Now, admittedly few people spend much time reading the book of Ezekiel. Especially the long, tedious section where he is recounting the Lord's plan for how the temple should be rebuilt in Jerusalem.

But I think it's worth pointing out, when we're discussing how to treat the children of non-citizens in America, what the Lord said to the people of Israel as they were dividing the land near the temple site among the tribes:

"So shall ye divide this land unto you according to the tribes of Israel.

"And it shall come to pass, that ye shall divide it by lot for an inheritance unto you, and to the strangers that sojourn among you, which shall beget children among you: and they shall be unto you as born in the country among the children of Israel; they shall have inheritance with you among the tribes of Israel.

"And it shall come to pass, that in what tribe the stranger sojourneth, there shall ye give him his inheritance, saith the Lord God" (Ezekiel 47:21-23).

Now, this seems a clear principle to me, that God tells his people to share their inheritance with the children of strangers who dwell among them.

I'm quite aware that those of you who, as Perry said, have no heart, probably are already composing elaborate explanations of why God really means the opposite of the plain language of the scripture.

After all, we live in the culture that actually interprets "Love your neighbor as yourself" to mean that we should love ourselves first, the absolute opposite of what Jesus plainly meant.

So don't bother writing down your specious arguments, or if you do, don't send them to me. Because, you see, I'm actually a Christian, and so I don't feel any need to twist scripture until it justifies heartless and stupid policies.

You see, like Rick Perry, I actually believe that Jesus meant it when he said, "I am the way," and that his Way includes "suffer little children to come unto me" and "it were better for him that a millstone were hanged about his neck, and he cast into the sea, than that he should offend one of these little ones" (Luke 17:2).

If you really believe America is or should be a Christian nation, why not start with how we treat the children of strangers who sojourn among us -- even if their parents didn't get permission before coming here and working hard to sustain our economy?

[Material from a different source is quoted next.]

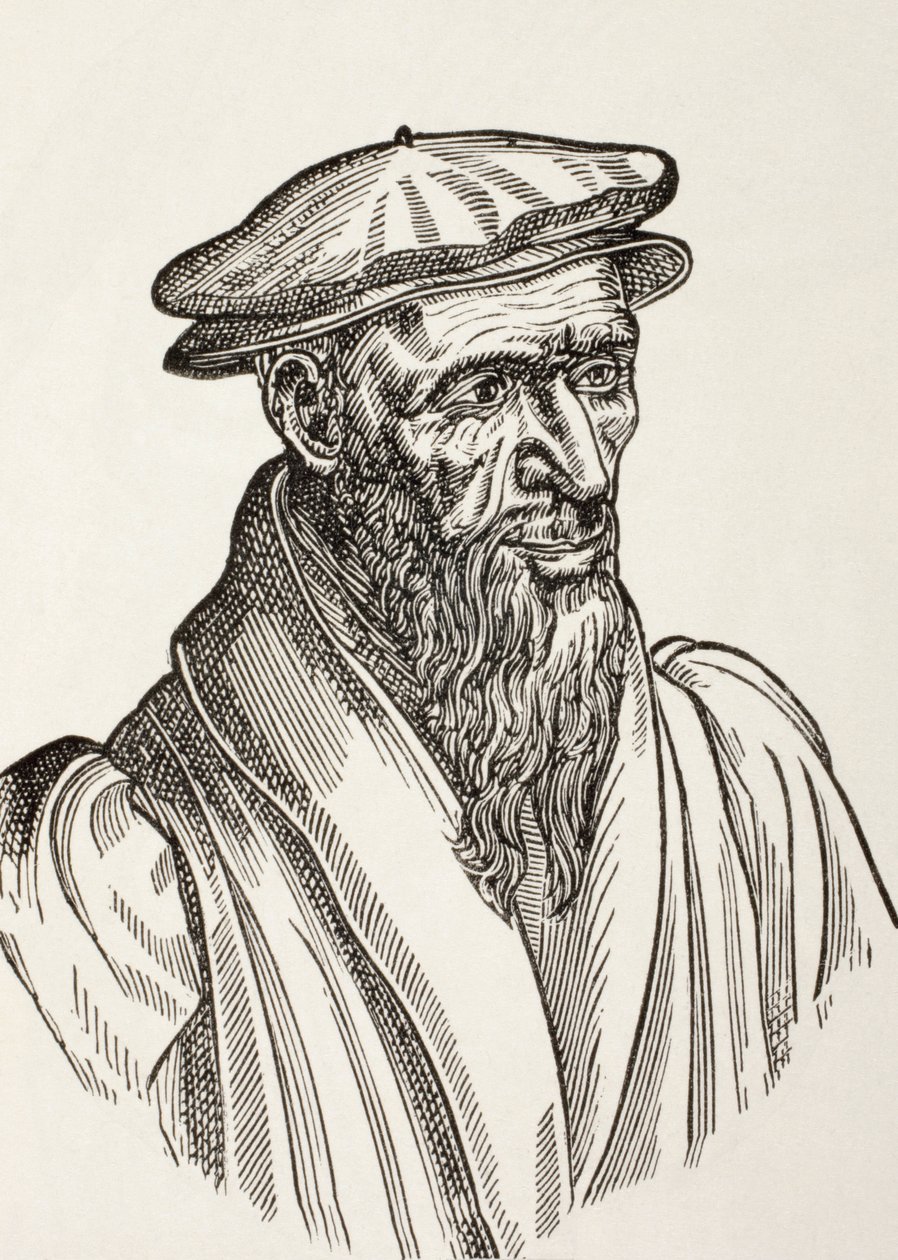 William Farel by Paul Lacroix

It's just weird that Republicans are dumping a candidate that I detest -- because of the one thing he ever said that I think makes perfect sense.

There's much that I loathe about the Democratic Party today. But when I think of changing parties, I have only to look at the Republican Party to remember why I became a Democrat back in the days when Daniel Patrick Moynihan was the Democrats' best thinker.

Sadly, dead as he is, Moynihan is still the Democrats' best thinker. But at moments like this, I have a hard time believing that the Republican Party is any smarter.

Oh, wait -- Governor Christie decided to keep his word and let his duty to his state take precedence over ambition. And Paul Ryan and John Boehner are staying in Congress.

There are Republicans with good sense. They're just not running for President.